# Texas Caviar Time



## Startingover (Apr 18, 2012)

That looks good it reminds me of something I made on New Year’s day once when I was eating black eyed pea’s for good luck and instead of plain ol black eyed pea’s I made a variation of that. It looks super healthy. You may have been the one who suggested that to me a long time ago.

Some homemade rolls would go well with that.


----------



## rjniles (Feb 5, 2007)

******* caviar.


----------



## J. V. (Jun 1, 2007)

What is it? Whats in it?


----------



## SeniorSitizen (Sep 10, 2012)

J. V. said:


> What is it? Whats in it?


 I'll do my best on this.


1 can Rotel , don't drain --1 can black eyed peas, drain - 1 can black beans, drain -- 1 can hominy, drain -- 1 can sweet corn, drain.

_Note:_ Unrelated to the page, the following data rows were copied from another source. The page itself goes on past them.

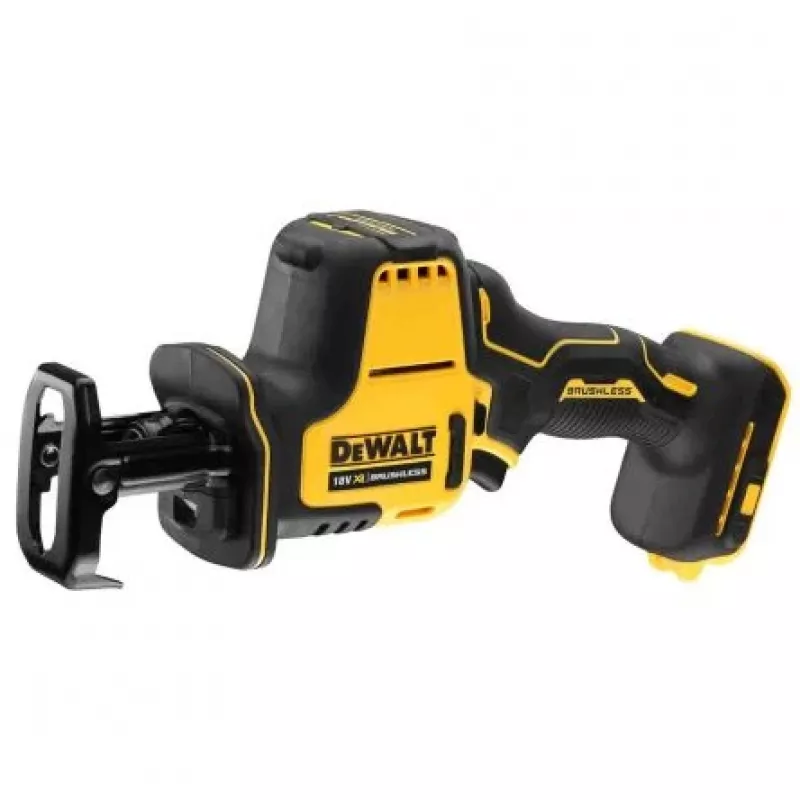 Virzuļzāģis DeWALT DCS369N-XJ, bezsuku motors, bezvads, griešanas dziļums kokā 9 cm, tēraudā 4 cm, 2800 gāj./min, 1,43 kg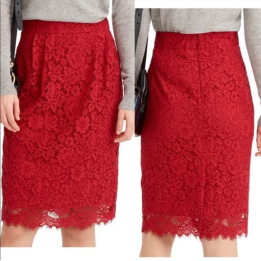Dámská krajková sukně NWT J. Crew XS, červená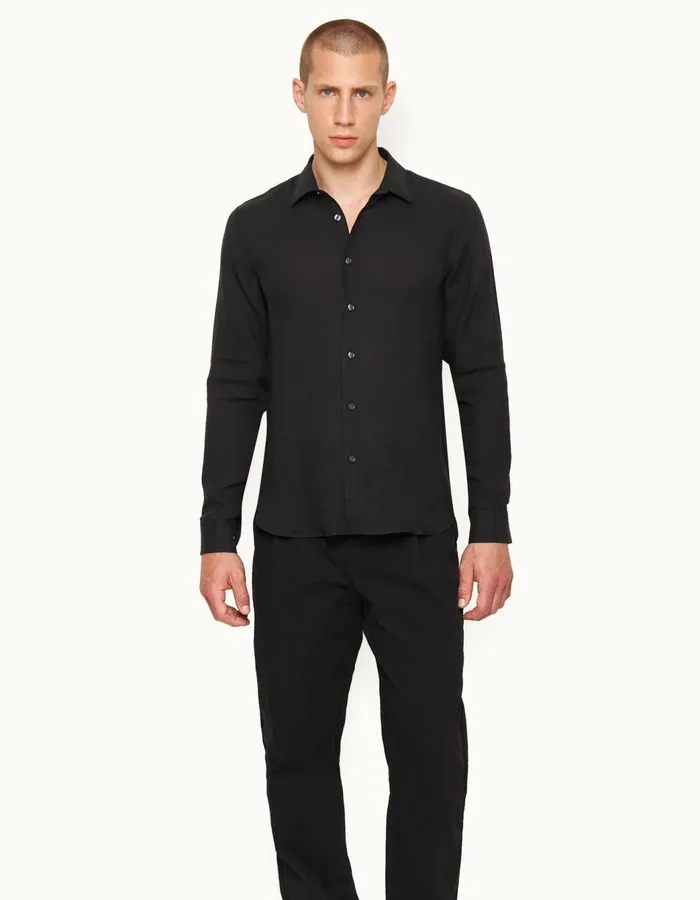 Men Orlebar Brown Shirts Giles Black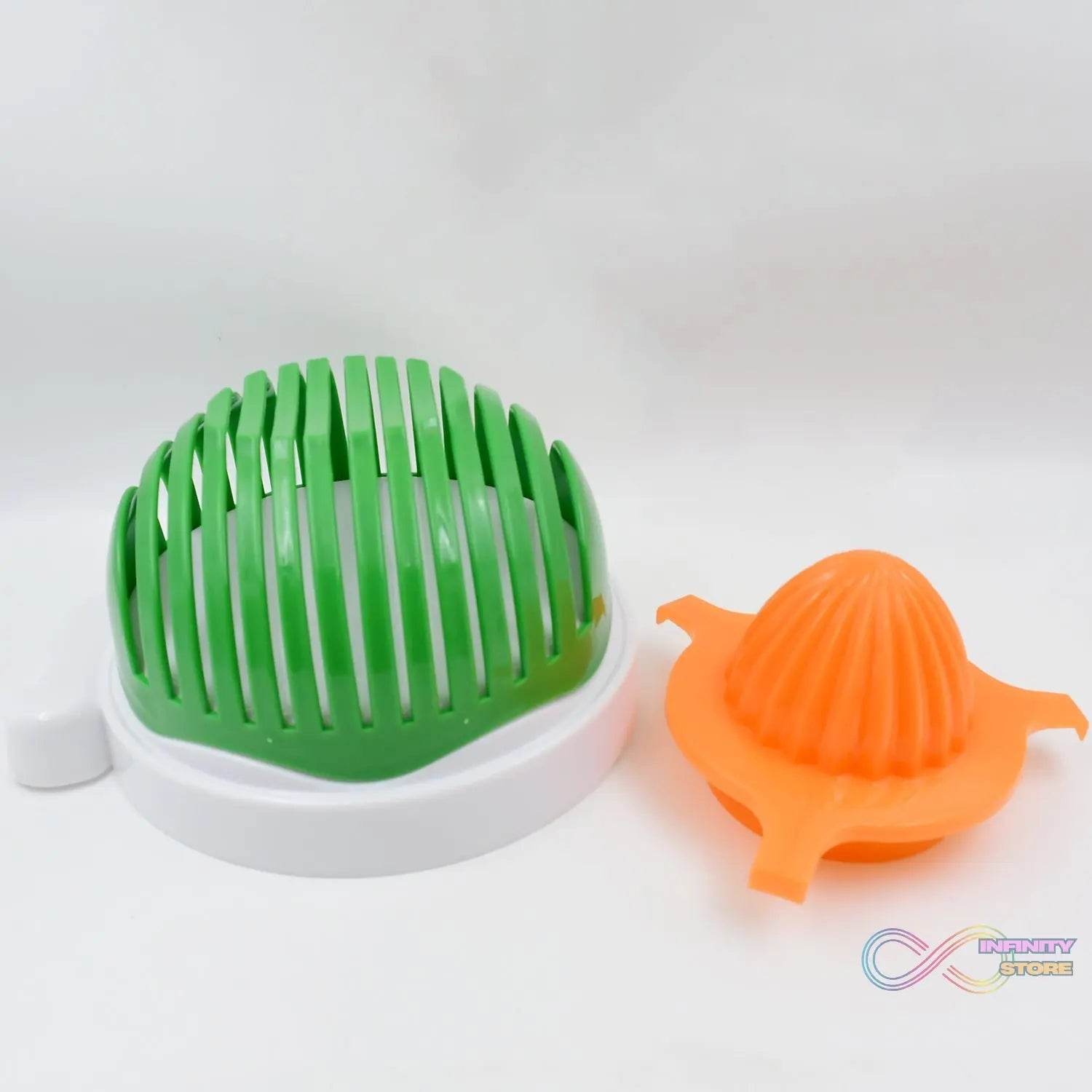 2 In 1 Salad Cutter Bowl with Lemon Squeezer Citrus Juicer (1 Pc) - infinityexculsivestore.com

Paul Newman dressing, about a cup or Wishbone Italian is good too.


sugar,-- about 1/4 c
vinegar--about 1/2 c
salt -- about 1 tsp
1 bell pepper - maybe you prefer red bell
1/2 onion 

Chips- you choose flavor


I don't make this because she is constantly tasting - adding this or that - and i don't do any cooking without a recipe to follow exactly and even then i can screw it up sometimes.


----------



## rjniles (Feb 5, 2007)

J. V. said:


> What is it? Whats in it?


Alternate recipe;

Go to Lowes Food, they sell it in the deli.


----------



## Nik333 (Mar 1, 2015)

SeniorSitizen said:


> I'll do my best on this.
> 
> 
> 1 can Rotel , don't drain --1 can black eyed peas, drain - 1 can black beans, drain -- 1 can hominy, drain -- 1 can sweet corn, drain.
> ...



You buy oil & vinegar dressing pre-made? :surprise::wink2:
I didn't know they have Food Wikis - https://en.wikipedia.org/wiki/Texas_caviar


----------



## SeniorSitizen (Sep 10, 2012)

There's been a Texas Caviar recipe change in the amount of vinegar at SandburRanch. 1/2 c changed to about 30 ml.:wink2:


----------



## wooleybooger (Feb 23, 2019)

How did I miss this thread when it started? lain:


----------



## Nik333 (Mar 1, 2015)

SeniorSitizen said:


> There's been a Texas Caviar recipe change in the amount of vinegar at SandburRanch. 1/2 c changed to about 30 ml.:wink2:



I'm confused SS. You have the vinegar in the dressing and the extra vinegar?


I think it's great that you like your wife's cooking so much, you put it on here!


----------



## SeniorSitizen (Sep 10, 2012)

Nik333 said:


> I'm confused SS. You have the vinegar in the dressing and the extra vinegar?
> 
> 
> I think it's great that you like your wife's cooking so much, you put it on here!


 It seems as if all dressings don't have the same amount of vinegar so vinegar got cut back severely but can be added to taste easier than removing vinegar. Also the Paul Newman dressing seemed to be too oily for my taste palate so it's out in favor of Italian. I know, picky, picky, but i don't need oily lips. That's one dish that can be played with and never really screw it up.


Edit: Edit:


----------